What needs to be done: Please retype the records that appear below, exactly and in full.

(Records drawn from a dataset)
+++++
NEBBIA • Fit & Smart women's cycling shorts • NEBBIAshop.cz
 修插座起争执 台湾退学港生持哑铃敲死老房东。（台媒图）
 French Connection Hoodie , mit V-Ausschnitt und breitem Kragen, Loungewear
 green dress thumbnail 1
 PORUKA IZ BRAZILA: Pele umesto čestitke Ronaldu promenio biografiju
+++++
Response:
NEBBIA • Fit & Smart women's cycling shorts • NEBBIAshop.cz
 修插座起争执 台湾退学港生持哑铃敲死老房东。（台媒图）
 French Connection Hoodie , mit V-Ausschnitt und breitem Kragen, Loungewear
 green dress thumbnail 1
 PORUKA IZ BRAZILA: Pele umesto čestitke Ronaldu promenio biografiju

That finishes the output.